EXERCISE MATERIALS:
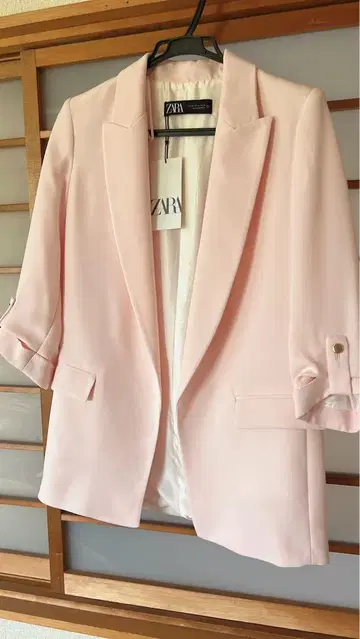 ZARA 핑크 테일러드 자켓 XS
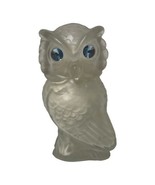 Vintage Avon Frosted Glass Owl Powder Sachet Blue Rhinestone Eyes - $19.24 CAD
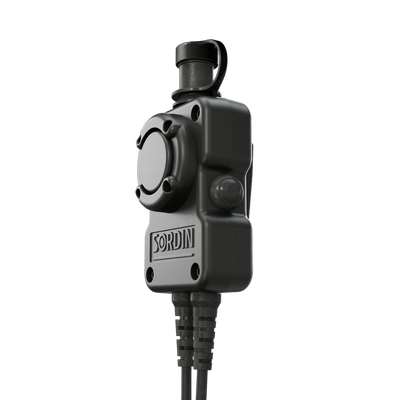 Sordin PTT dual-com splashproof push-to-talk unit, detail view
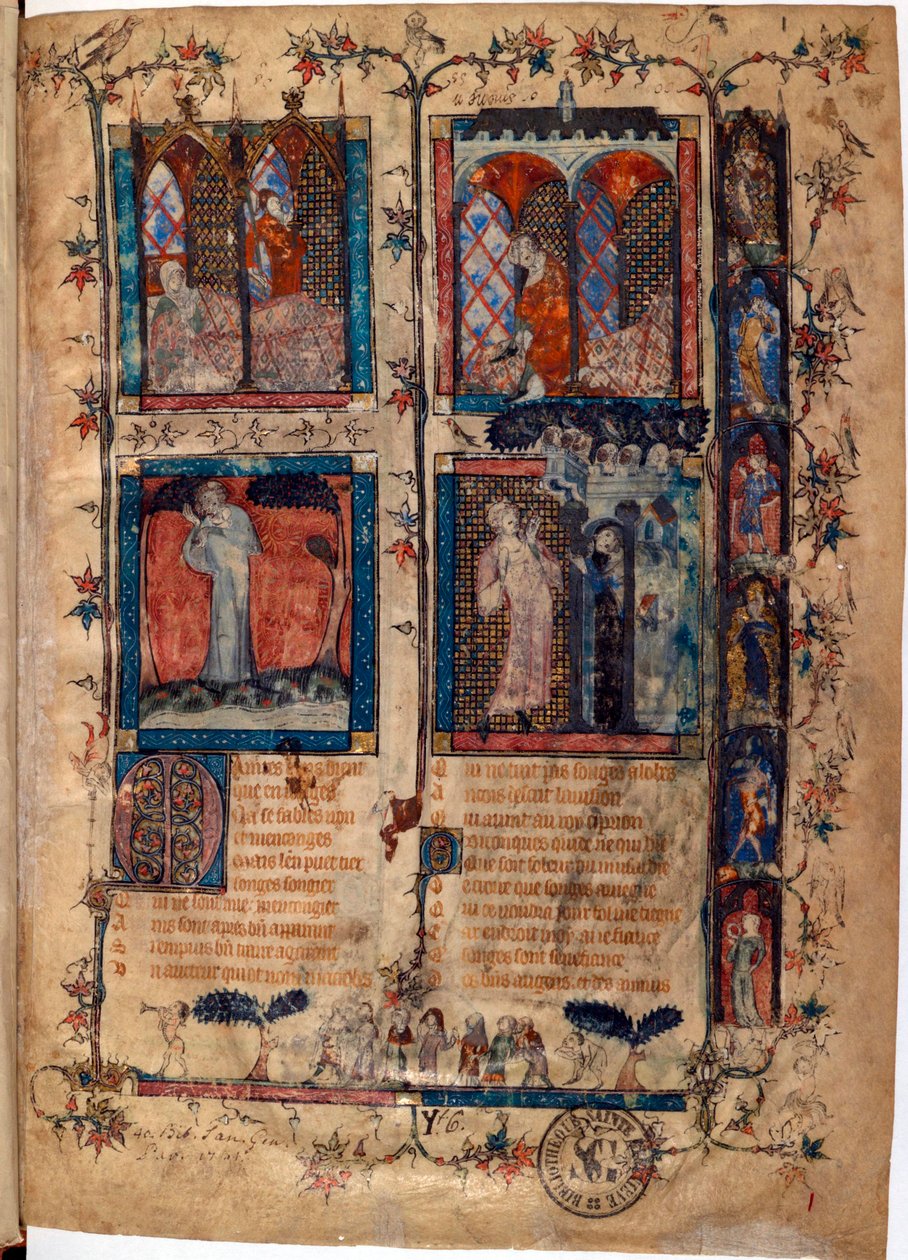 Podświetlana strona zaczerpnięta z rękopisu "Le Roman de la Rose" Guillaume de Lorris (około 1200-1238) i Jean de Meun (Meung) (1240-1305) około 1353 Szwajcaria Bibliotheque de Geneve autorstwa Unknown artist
==
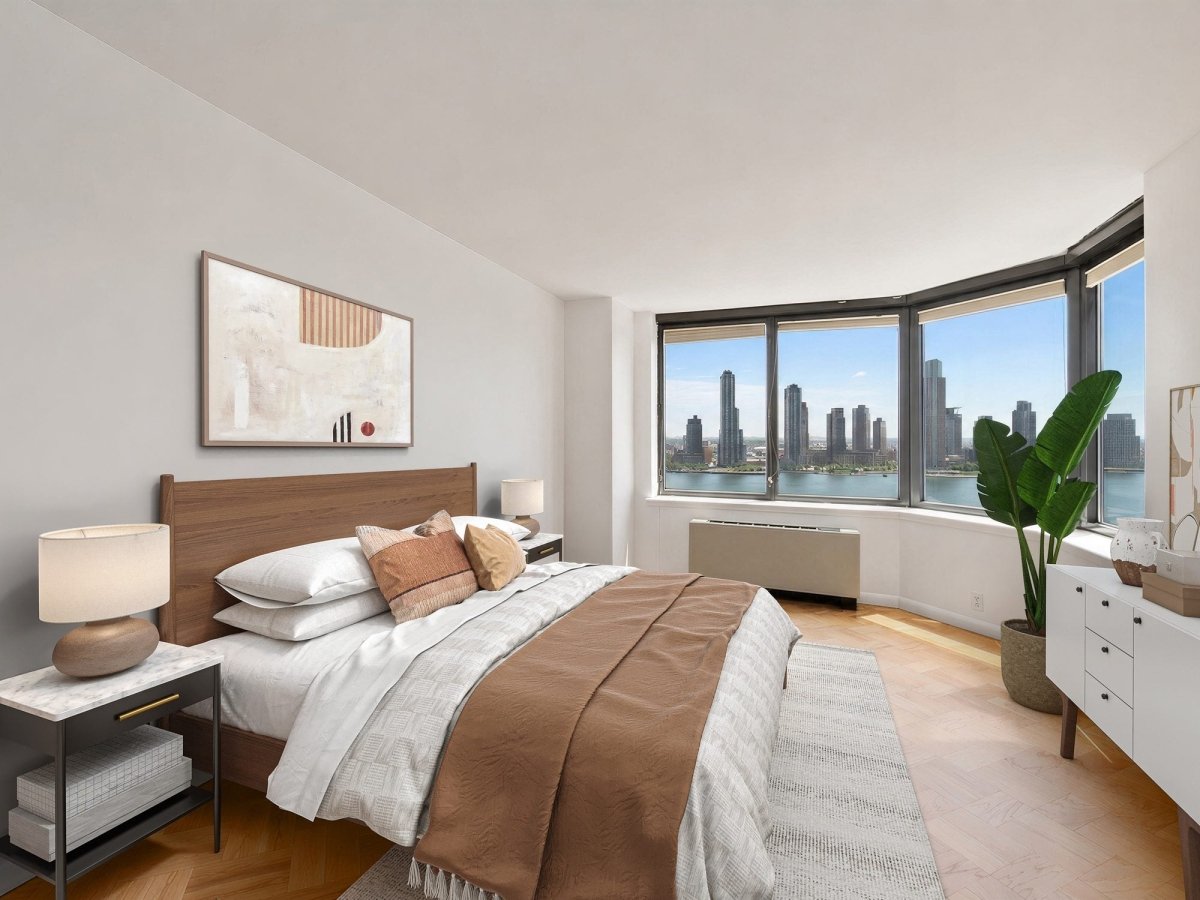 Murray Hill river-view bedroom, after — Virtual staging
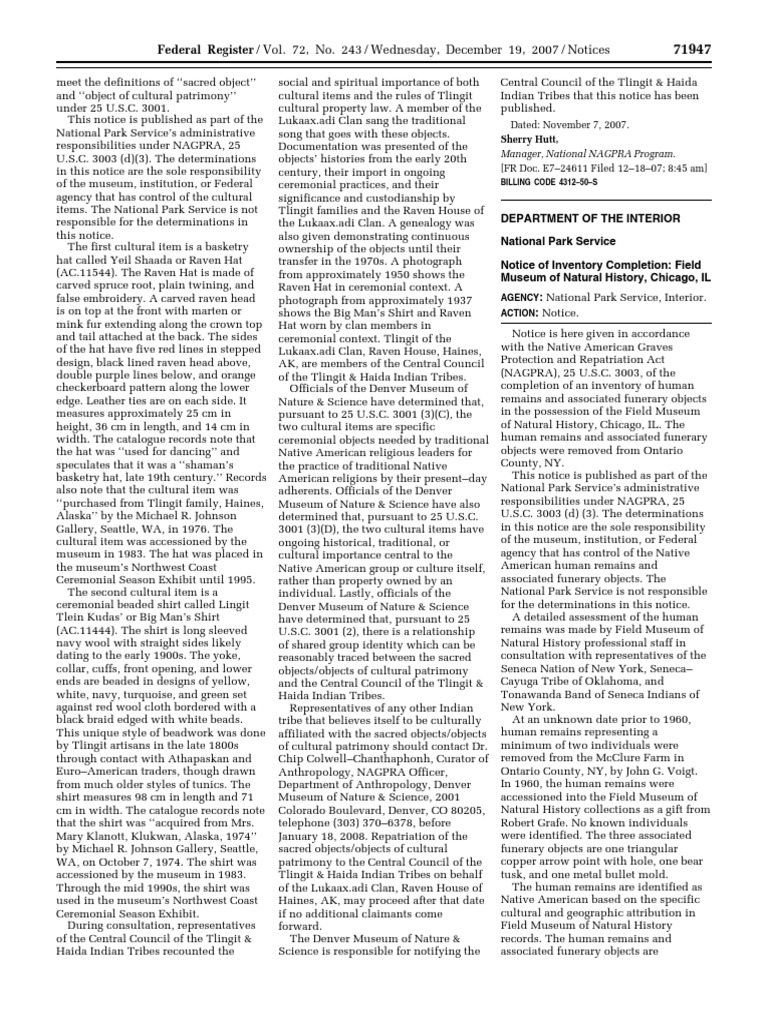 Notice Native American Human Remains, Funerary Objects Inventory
---
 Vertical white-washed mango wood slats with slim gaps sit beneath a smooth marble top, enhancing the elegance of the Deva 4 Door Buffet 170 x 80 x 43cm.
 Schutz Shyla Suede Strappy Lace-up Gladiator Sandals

EXERCISE PROMPT: Above are the records; restate exactly the lines from the one containing "Murray Hill river-view" through the one containing "Notice Native American", keeping pictures out.

RESPONSE TO THIS EXERCISE:
 Murray Hill river-view bedroom, after — Virtual staging
 Notice Native American Human Remains, Funerary Objects Inventory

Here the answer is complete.